7. The Filer has made the Application for the Requested Section 4.2 Relief so that a Filer Fund may continue to purchase from or sell to a Related Person that is a Principal Dealer, Non-Government Debt Securities or Government Debt Securities in the secondary market.
8. The purchase of debt securities from a Related Person in the secondary market is subject to Section 4.2 of NI 81-102.
9. The Filer considers that the Filer Funds should have access to the Government Debt Securities and Non-Government Debt Securities for the following reasons,
(a) there is a limited supply of Non-Government Debt Securities and Government Debt Securities available to the Filer Funds; and
(b) frequently the only source of Non-Government Debt Securities and Government Debt Securities for a Filer Fund is a Related Person of the Filer Fund.
10. The Filer Funds require the Requested Section 4.2 Relief in order to continue to pursue their investment objectives and strategies effectively.
11. The Filer is, to the best of its knowledge, not in default of the securities legislation of the Jurisdiction or any of the Non-principal Jurisdictions.
Decision
The principal regulator is satisfied that the decision meets the test set out in the Legislation for the principal regulator with the jurisdiction to make the decision.
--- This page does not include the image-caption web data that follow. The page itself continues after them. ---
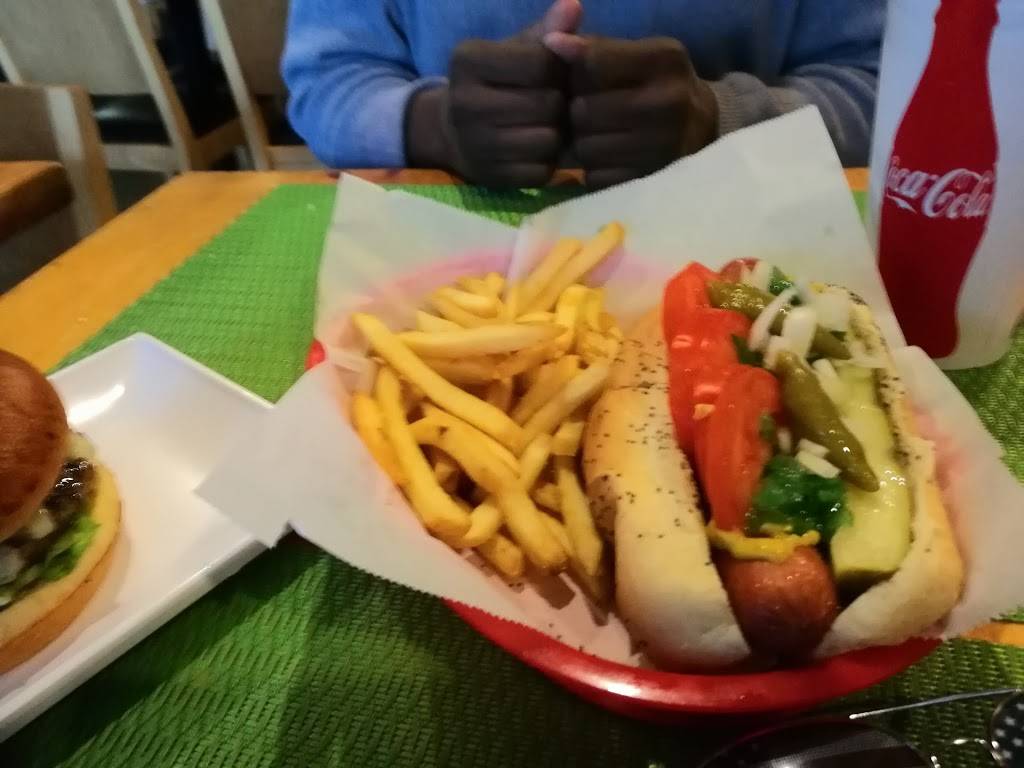 The Slaw Dogs | restaurant | 720 N Lake Ave, Pasadena, CA 91104, USA | 6268089777 OR +1 626-808-9777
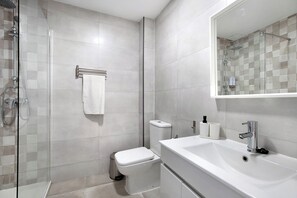 Douche, sèche-cheveux, serviettes fournies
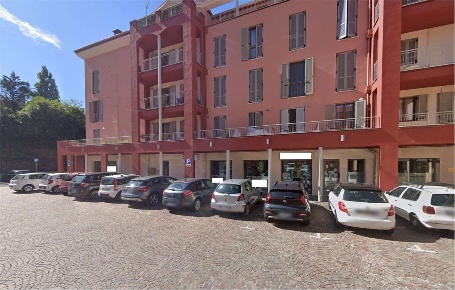Foto Negozio in Via Bellini 5/A, Roè Volciano Roé di 64 m² con 1 locali
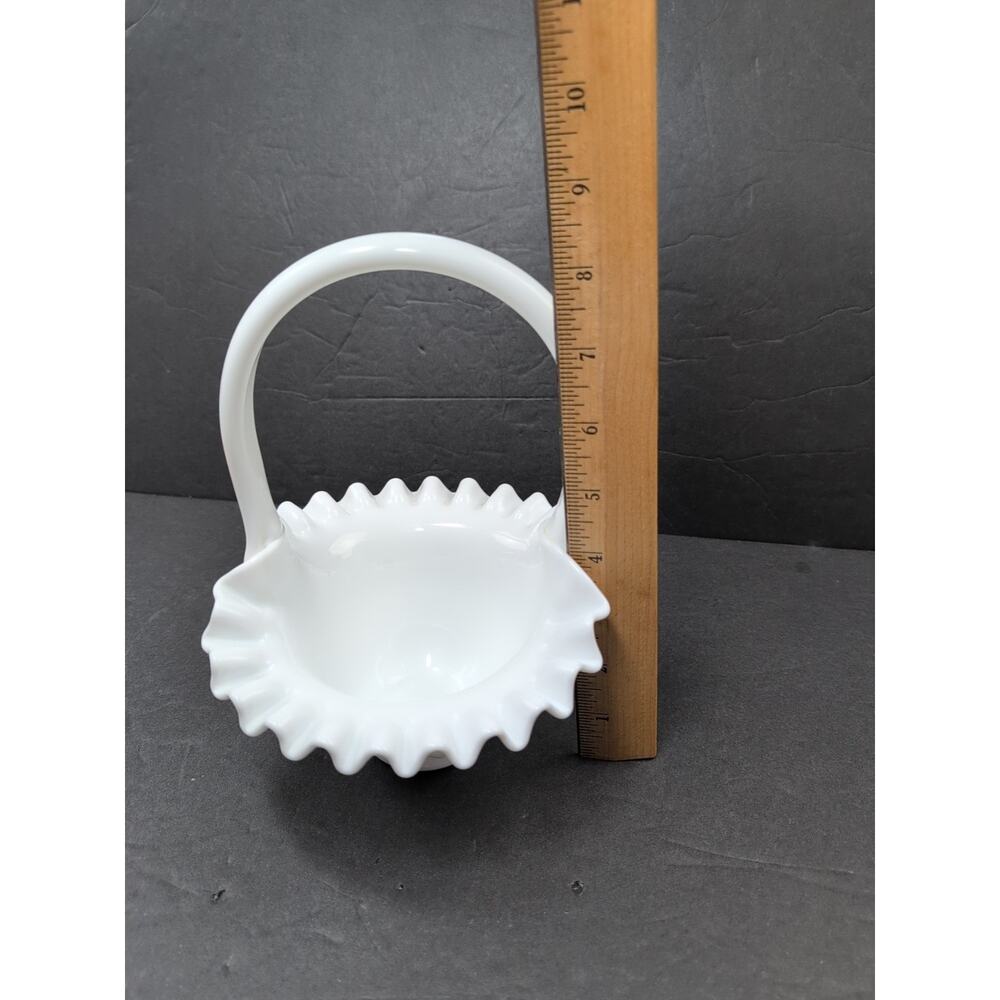Vintage Fenton Art Glass Milk Glass Hobnail Crimped Basket Candy Dish Handle - Picture 6 of 6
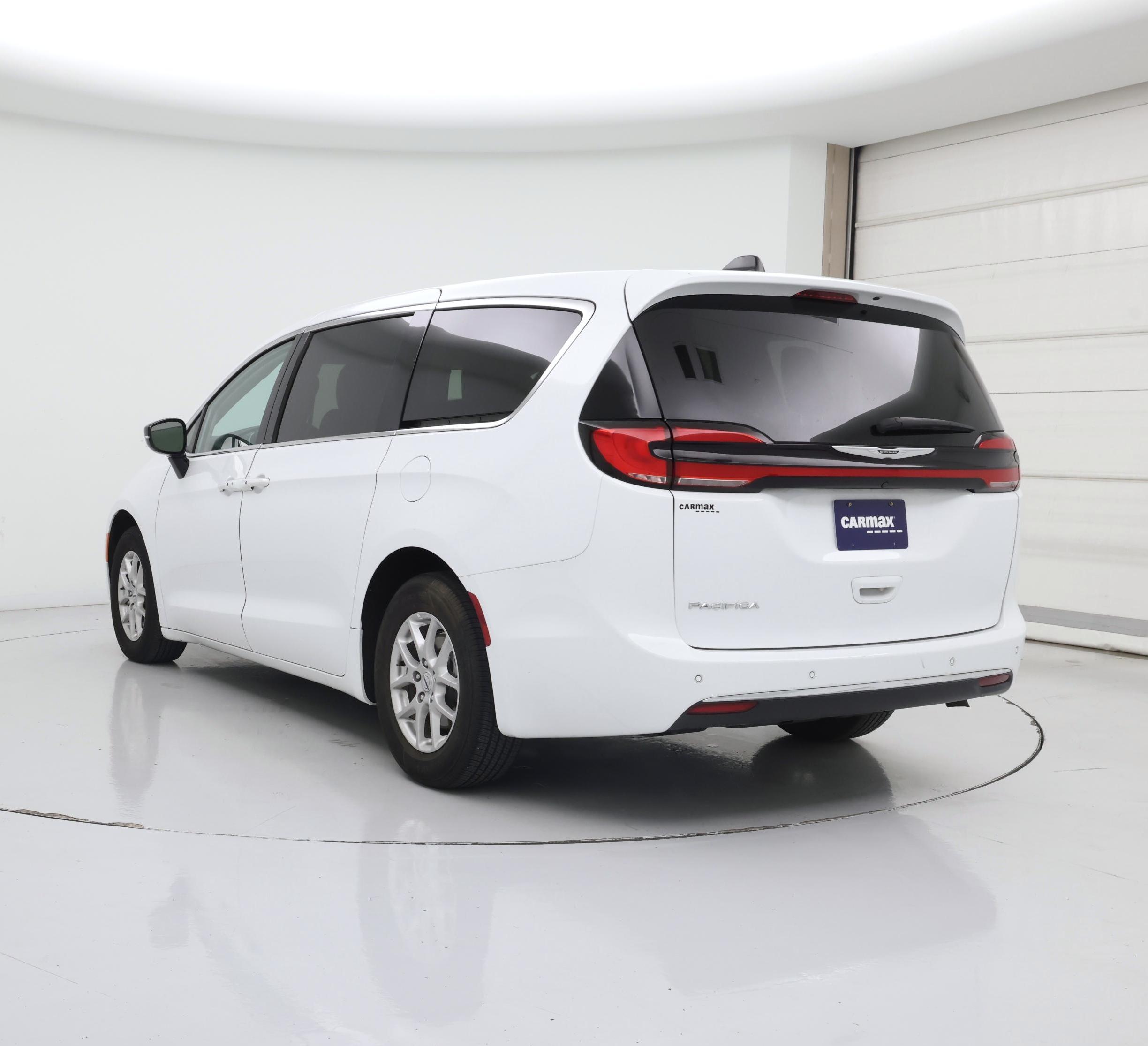 Thumbnail: 2024 Chrysler Pacifica - 2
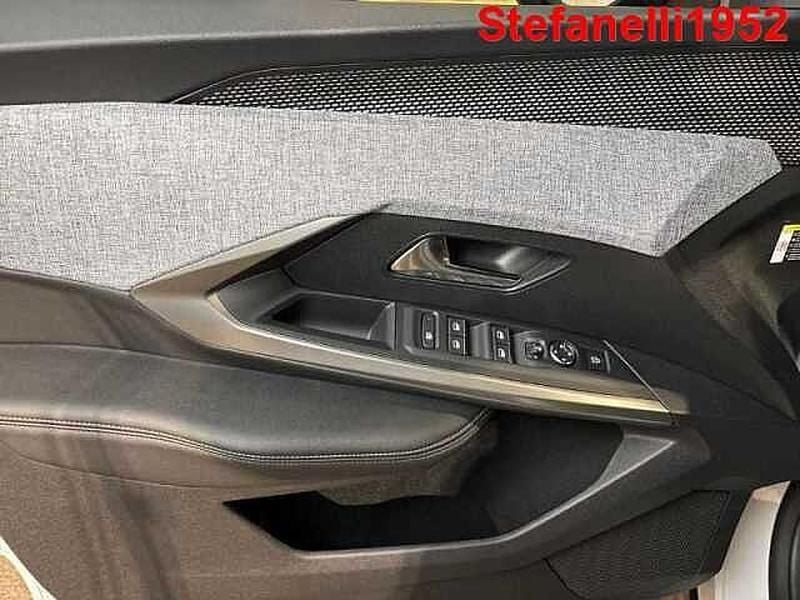 Nuova Peugeot 3008 GTi 136 CV (100 kW) 2025 Bianco SUV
The decision of the principal regulator is that the Requested Section 4.2 Relief is granted subject to the following conditions:
(a) the purchase or sale is consistent with, or is necessary to meet, the investment objective of the Filer Fund;
(b) the IRC has approved the transaction in accordance with Section 5.2(2) of NI 81-107;
(c) the Filer, as manager of the Filer Fund, complies with section 5.1 of NI 81-107 and the manager and the IRC of the Filer Fund comply with section 5.4 of NI 81-107 for any standing instructions the IRC provides in connection with the transactions;
(d) the bid and ask price of the security are readily available, as provided in Commentary 7 of section 6.1 of NI 81-107;
(e) a purchase is not executed at a price which is higher than the available ask price and a sale is not executed at a price which is lower than the available bid price;
(f) the purchase or sale is subject to "market integrity requirements" as defined in NI 81-107; and
(g) the Filer Fund keeps the written records required by Section 6.1(2)(g) of NI 81-107.
This decision is effective November 1, 2009.